At any rate, I don't know how Nenddeylyt technology works. It sends
parts
of their city--or simulations of it--to earth, but they're not in
complete
control of it. Sometimes it ends up in other places. At any rate,
they've
been here, and borrowed from us, for several thousand years, which
explains
their strong connection to Indo-European and Middle-Eastern ideas while
having an otherworldly dimension to them.
Certain people who we think have died, have actually
> >been
> >abducted, like Alexander the Great and a number of others. At one
> >point,
> >Teonaht law made it a felony to do this, and Tsorelai Mundya opened its
> >gates
> >to only a few visitors at a time, and carefully monitored their visits.
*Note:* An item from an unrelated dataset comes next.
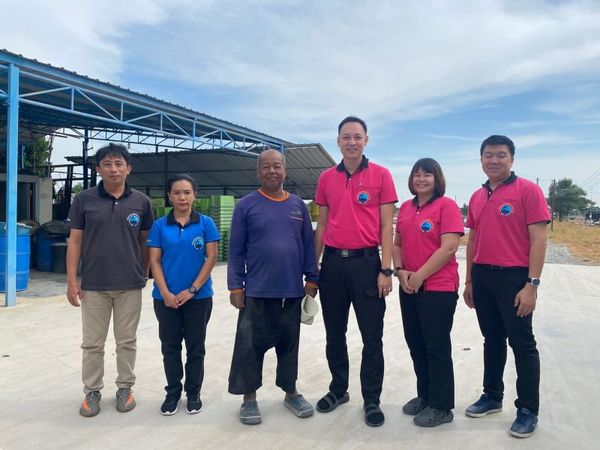 สำนักงานประมงพื้นที่กรุงเทพมหานคร ลงพื้นที่ตรวจเยี่ยมเกษตรกรผู้เลี้ยงปลากะพงขาว และชี้แจงหลักเกณฑ์ในการจัดตั้งองค์กรชุมชนประมงท้องถิ่น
> >Joseph Atticus Johnson is in a little bit of peril in the Teach Yourself
> >Stories that I really have to finish before I die, but we're rooting for
> >him.
> >Could very well be that Sela Jumafin (can I call him Sela?) was one such
>
> You can (if you don't forget the |, it's part of the letter |s /ts/) :).
>
> >casualty, but we'd have to research that a bit. Could be that TM
> >visited
> >his world and deposited him here.
> ><G>
> >
>
> If it's so, he's gonna be very disappointed, because I don't know how he
> could find again his people. Don't forget that he is totally amnesic (he
> has even difficulties sometimes to remember some words in Moten). BTW, do
> the Teonim usually abduct young people? |Sela was only 8 when he was found.
The Teonim who allow a visitor into the city when it's unstable and
don't make
an effort to get someone out before it "melts" have taken into their
midst men,
women, and children of earth. Sometimes the Teonim get stranded on our
side.
Like Issytra. She's here to stay.
Sally
http://www.frontiernet.net/~scaves/whatsteo.html
http://www.frontiernet.net/~scaves/teoteach.html
Quoth the Raven: "Verimak!"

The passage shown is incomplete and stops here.